|Ph.D Student||Ohad Kimhi|
|Subject||Molecular Imprinting of Proteins|
|Department||Department of Biotechnology||Supervisor||Full Professor Bianco-Peled Havazelet|
In recent years there is a growing interest in new materials for bioseparation, analysis, controlled drug delivery and synthetic enzymes as selective catalyst. One of the most promising fields of research that may be utilized in these applications is molecular imprinting (MI), where artificial recognition sites for a specific target molecule are created inside a matrix in a polymerization process that utilizes the target molecule as a template. Low molecular weight materials have been widely used in recent years as templates for MI . These molecules have a minimal amount of required bonds, which make them easier to imprint than large complex molecules.
This research has focused on molecular imprinting of proteins. This work presents both much needed data as well as new approaches to molecular imprinting of proteins. It is also the first time that the interactions of molecular imprinted polymers (MIP) with the template were characterized by calorimetric method (ITC) in order to get quantitative data on the adsorption process.
Two methods were used to create the MIP's, one was termed single stage polymerization and the other was termed two stage polymerization.
MIP prepared using one stage polymerization showed better affinity toward the template (lysozyme) and exhibit higher maximal capacity of the MIP compare to the control unprinted polymer. However, considerable non specific adsorption was also observed in the MIP. ITC experiments showed major changes in the adsorption enthalpy due to binding of the template molecule but very small change in the enthalpy upon binding of the reference protein (cytochrome).

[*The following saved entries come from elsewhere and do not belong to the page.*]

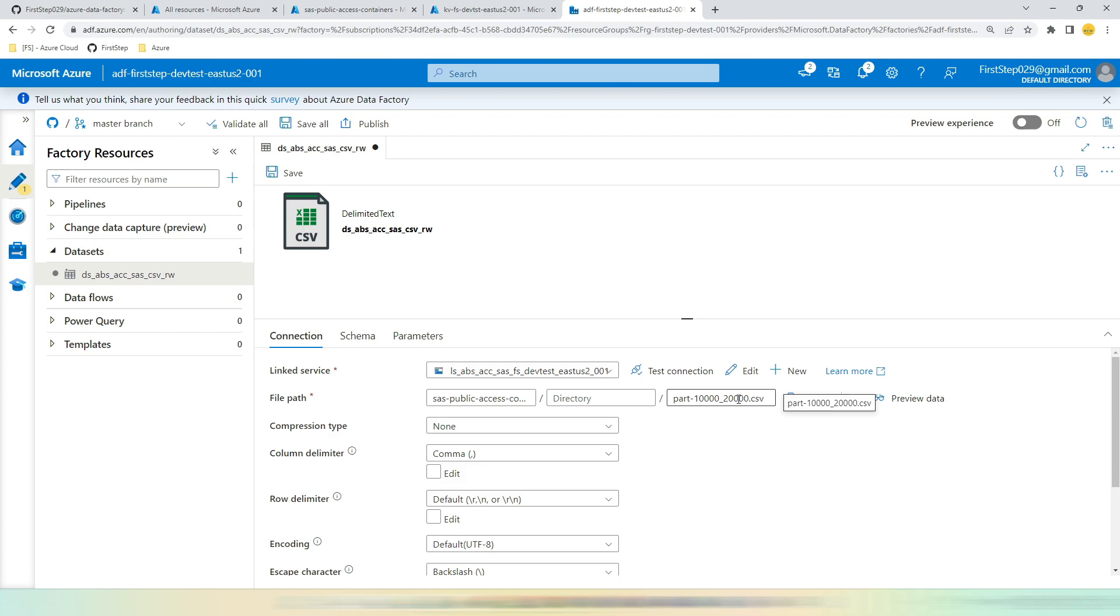This is how you can create a linked service for Azure Blob Storage in Azure Data Factory using Account SAS. If you like this video, please hit the like button and subscribe to my channel.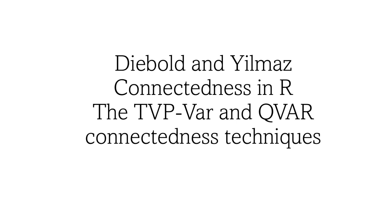Bismillahir Rahmanir Rahim. Hello everyone, this is Hamayu and in today's video I'll be talking to you how to estimate the Diebold and Yilmaz connectedness measure while using RStudio.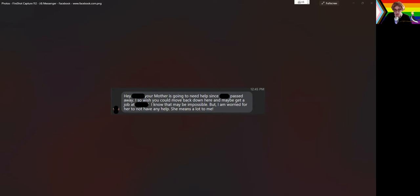But it says, hey deadname, your mother is going to need help since our stepfather passed away. I so wish you could move back down here and maybe get a job at local state university. I know that may be impossible, but I'm worried for her to not have any help. She means a lot to me.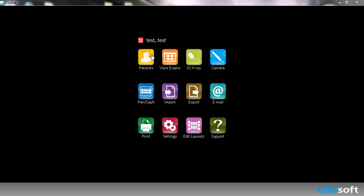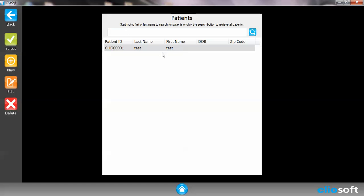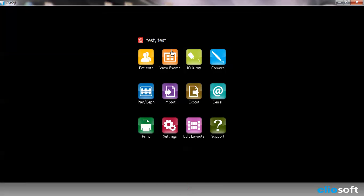First things first, we need to choose a patient. We're going to go ahead and choose a test patient that we've created and then we're going to click on the View Exam.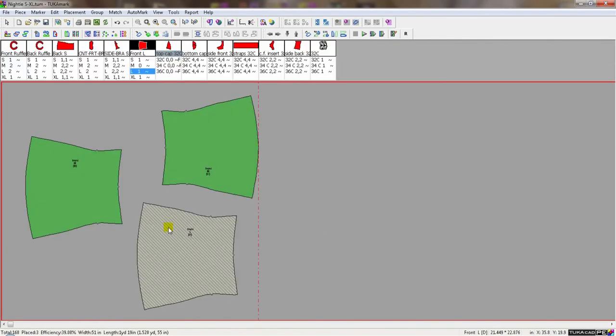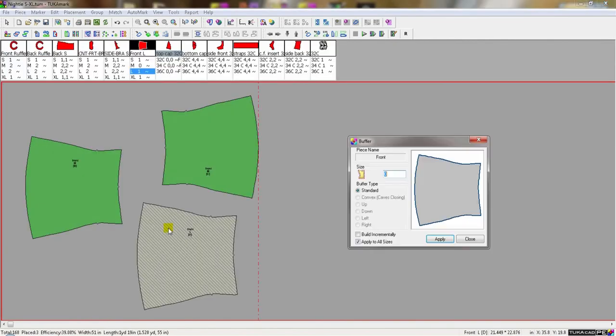And we can also customize a buffer here for any piece if we assign an amount. We can put it on the upside, the downside, the left or the right side of the piece.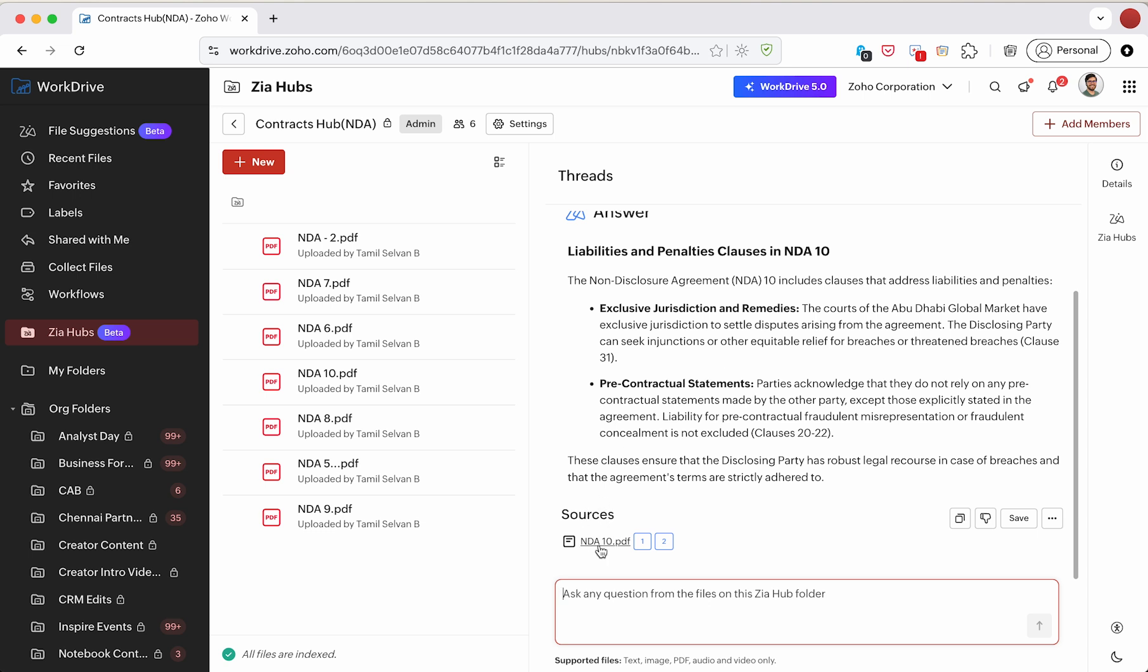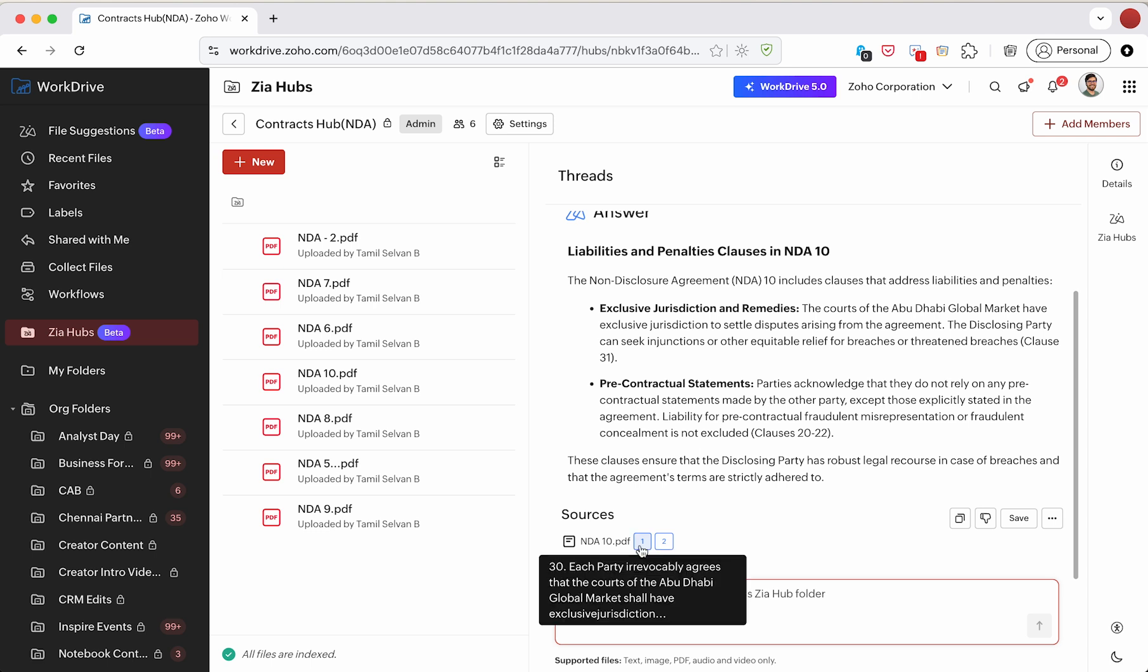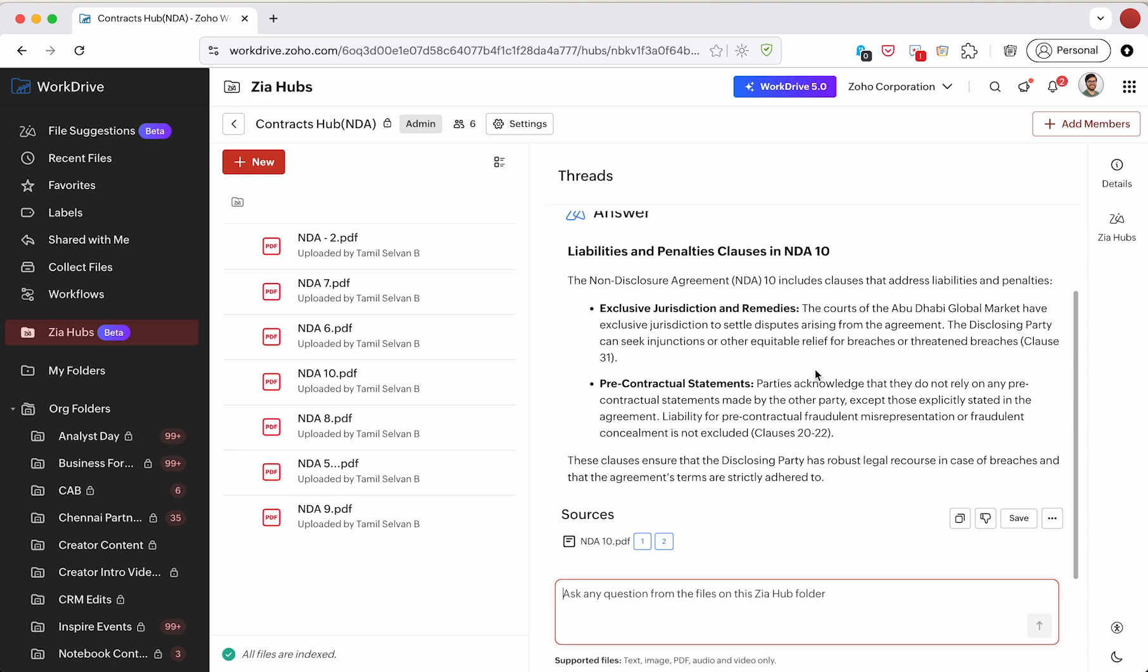NDA 10 is the document being referenced, and there are two sources that are bookmarking the different areas that Zia is referencing.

Two stages MIP's were novel method introduced in order to solve the problem of non specific binding and to enhance both affinity and mechanical properties of the polymer. One procedure termed 1SMIP did not preform well but added to the understanding of the imprinting process. The second procedure termed 2SMIP was successful and exhibited lower maximal capacity for the MIP. This is the first time that such observation is made. Although the imprinted polymer exhibiting lower capacity, it showed better affinity to the template (lysozyme) and even enhanced adsorption in the presence of the competing protein. ITC measurements showed again major changes in adsorption enthalpy for the template and only minor changes for reference indicating that imprinting process did create new high affinity sites.
To sum up, the results show that imprinting process did change the matrix and created sites that have specific binding group arrangement.